Das vom Bundesverband der Energiemarktdienstleister e.V. (BEMD) in 2016 erarbeitete BEMD-Standardleistungsverzeichnis - Service- und Abrechnungsprozesse in der Energiewirtschaft wird derzeit um die neuen Prozesse aus dem Messstellenbetriebsgesetz erweitert. „Wir wollen sehr frühzeitig und noch vor Inkrafttreten des Interimsmodells im Messwesen eine erste Orientierung geben“, so Herr Kuhn, Leiter der Arbeitsgruppe SLV.

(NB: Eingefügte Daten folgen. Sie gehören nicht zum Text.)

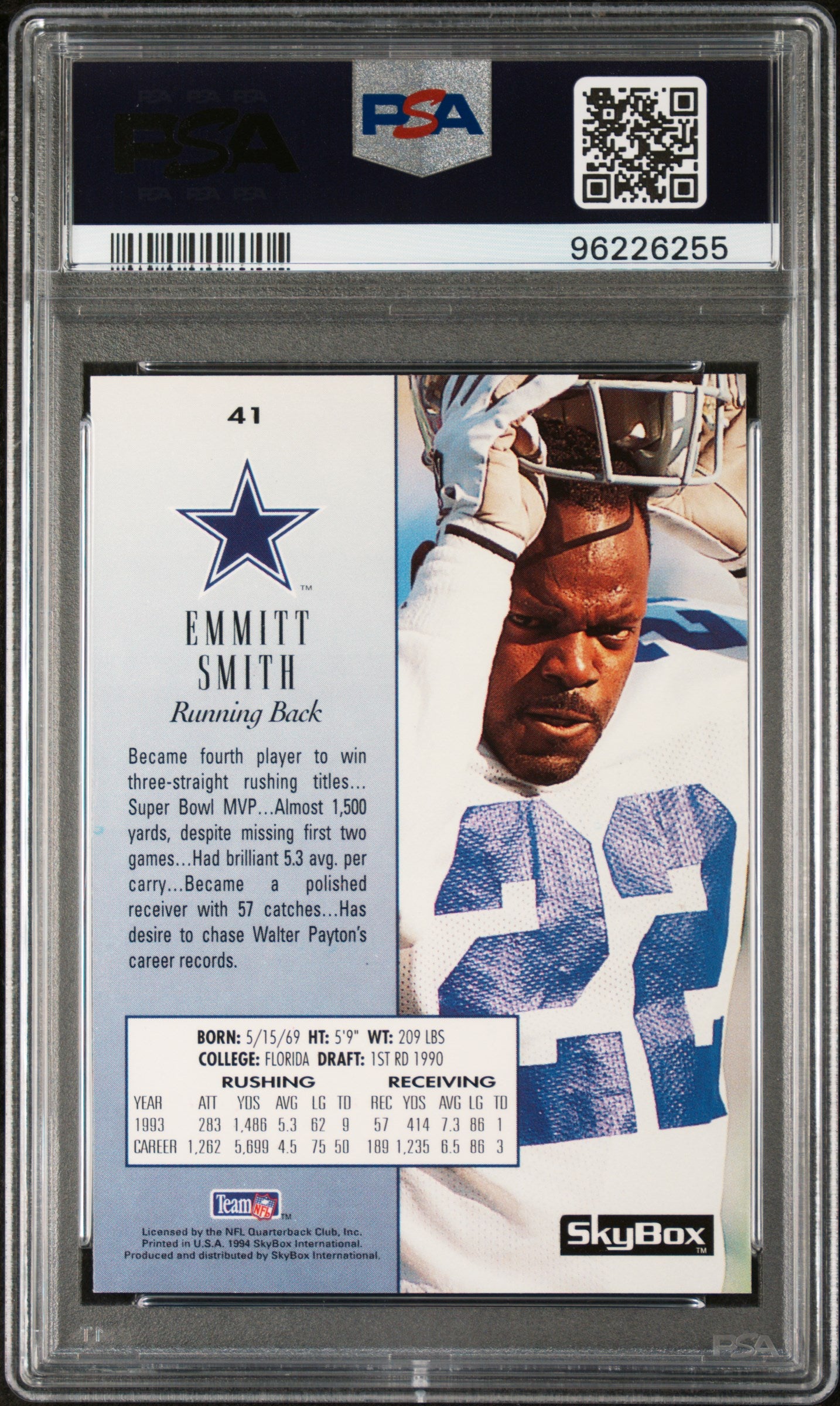 Emmitt Smith 1994 Skybox Premium #41 PSA 6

Das Standardleistungsverzeichnis, erhältlich für Vertrieb und Netze, sowohl für SLP- als auch für RLM-Kunden, liefert eine Hilfestellung für Ausschreibungen, Angebote und Vergabeprozesse. Der BEMD bietet damit allen Marktpartnern eine einheitliche und vergleichbare Beschreibung von Produkten und Dienstleistungen, das bereits im Markt angenommen wurde und z.B. in Ausschreibungen verwendet wird:

  • ausschreibenden und vergebenden Energieversorgern bzw. Stadtwerken,
  • Dienstleistern, Subcontractoren sowie auch
  • Regulatoren, Instituten und Beratern.